TO DO:
Beginning at the line that contains "CuddleCo Isla 3 Piece Set in Ash", reproduce every line to the end of the material without changing any of them.

::::

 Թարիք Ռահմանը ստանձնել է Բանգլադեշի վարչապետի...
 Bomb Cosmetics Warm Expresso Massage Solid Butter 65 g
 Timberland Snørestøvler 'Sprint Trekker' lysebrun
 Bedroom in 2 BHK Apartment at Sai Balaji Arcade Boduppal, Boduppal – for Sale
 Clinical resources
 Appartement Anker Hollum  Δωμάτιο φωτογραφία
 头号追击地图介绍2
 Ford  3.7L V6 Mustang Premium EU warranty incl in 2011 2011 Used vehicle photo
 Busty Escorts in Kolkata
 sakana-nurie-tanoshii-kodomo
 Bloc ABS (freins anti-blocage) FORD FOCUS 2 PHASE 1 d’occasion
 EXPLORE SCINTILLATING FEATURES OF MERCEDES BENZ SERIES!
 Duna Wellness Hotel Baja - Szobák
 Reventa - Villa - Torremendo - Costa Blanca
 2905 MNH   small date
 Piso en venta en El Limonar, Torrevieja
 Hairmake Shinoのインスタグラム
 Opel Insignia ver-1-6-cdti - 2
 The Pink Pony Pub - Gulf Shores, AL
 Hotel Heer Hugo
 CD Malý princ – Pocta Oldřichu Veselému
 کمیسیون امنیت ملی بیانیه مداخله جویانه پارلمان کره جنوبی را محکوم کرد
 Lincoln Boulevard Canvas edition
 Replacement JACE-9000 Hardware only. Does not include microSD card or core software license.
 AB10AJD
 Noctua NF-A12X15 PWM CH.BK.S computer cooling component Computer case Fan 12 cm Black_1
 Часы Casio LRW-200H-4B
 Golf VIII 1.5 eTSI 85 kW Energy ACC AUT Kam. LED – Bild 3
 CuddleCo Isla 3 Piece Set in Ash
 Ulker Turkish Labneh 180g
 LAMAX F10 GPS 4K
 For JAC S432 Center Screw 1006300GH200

::::

TASK SOLUTION:
 CuddleCo Isla 3 Piece Set in Ash
 Ulker Turkish Labneh 180g
 LAMAX F10 GPS 4K
 For JAC S432 Center Screw 1006300GH200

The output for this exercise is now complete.